Please tell us, how your Church has developed!
When the Soviet Union collapsed, we had twenty or thirty pastors, but from 1996-1997 the number increased to eighty. A new generation came into the ministry, who studied in Hungary; in Debrecen, Sárospatak and Budapest. Now we are slightly fewer, seventy-one. In recent days, no senior pastor has left his or her congregation.
I thank them for their faithfulness in organising and carrying out the work among the refugees, in keeping together, encouraging and caring for those who have been left behind, and in preaching the Gospel.
In the Gospel of Luke we read these topical verses, " When you hear of wars and uprisings, do not be frightened.... Nation will rise against nation, and kingdom against kingdom... And so you will bear testimony to me." (Luke 21:9-10.13) As a spiritual leader of the reformed community, how can you bear witness?

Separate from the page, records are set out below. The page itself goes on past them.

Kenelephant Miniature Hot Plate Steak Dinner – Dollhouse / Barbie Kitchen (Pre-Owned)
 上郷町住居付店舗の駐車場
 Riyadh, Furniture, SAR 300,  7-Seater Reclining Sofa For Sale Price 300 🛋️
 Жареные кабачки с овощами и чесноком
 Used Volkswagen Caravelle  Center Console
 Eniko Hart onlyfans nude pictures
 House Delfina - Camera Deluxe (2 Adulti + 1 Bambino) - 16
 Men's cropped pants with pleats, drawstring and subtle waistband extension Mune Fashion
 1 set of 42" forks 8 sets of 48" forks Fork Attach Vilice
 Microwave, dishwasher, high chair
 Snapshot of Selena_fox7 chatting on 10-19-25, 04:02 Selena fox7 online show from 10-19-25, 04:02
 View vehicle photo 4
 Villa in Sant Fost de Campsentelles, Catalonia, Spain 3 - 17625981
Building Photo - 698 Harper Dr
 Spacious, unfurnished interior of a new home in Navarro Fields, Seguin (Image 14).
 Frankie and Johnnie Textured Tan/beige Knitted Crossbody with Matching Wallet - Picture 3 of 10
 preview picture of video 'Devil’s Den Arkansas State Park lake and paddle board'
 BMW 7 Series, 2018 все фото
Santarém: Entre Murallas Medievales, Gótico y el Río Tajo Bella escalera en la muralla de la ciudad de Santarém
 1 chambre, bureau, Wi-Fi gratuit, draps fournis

The Transcarpathian Reformed Church tries to be biblical and Gospel centred in all its activities; in receiving refugees, includes those with whom we do not fully agree; who put their own nation above other nations. But this is not the point in these days. If someone is on the street, they need shelter, if someone is hungry, they need food. This is a form of witness and mercy.
The other ministry is to preach the Gospel both to Hungarians and to Ukrainians who found refuge here, because God has entrusted us the ministry of reconciliation. In the jubilee year of the reformation, the Hungarian and Ukrainian Bible Societies joined forces and published a Hungarian-Ukrainian New Testament, which we can now use when we preach the Gospel. God is asking us to settle our relationship with Him, because reconciliation with God in Jesus Christ leads to reconciliation with the people. That is attitude we try to persevere. Church members are helping at the border crossings, bringing hot tea and sandwiches. These are signs of love.
But we have also been entrusted the proclamation of the Word of God, and we want to openly witness that motivation of what we do and who we are is faith in Jesus Christ our Saviour. Preaching the Gospel is the most important thing now, not only to heal wounds, not only to ease the pain of mourning, but also to stop blind anger, which unfortunately is so much present here. Many people come to Transcarpathia, some go on, but thousands more stay here. I hope that in this situation people are more open to the God’s Word. Without God, diplomacy also fails. We see that it has ended up in war. Without God, this world is not only godless, but it is becoming inhuman, bringing death and damnation. The verses quoted from Luke's Gospel must be taken very seriously and we must not wasting time but turn to God, repent, pray and open our hearts to Jesus. Still today!
Sándor Fábián Zán was elected Bishop of the Reformed Church in Transcarpathia in 2007, as the youngest church leader in Europe, having previously served as a deputy to the Bishop. He is the senior pastor of the Reformed congregation in Mezővári and the father of four children.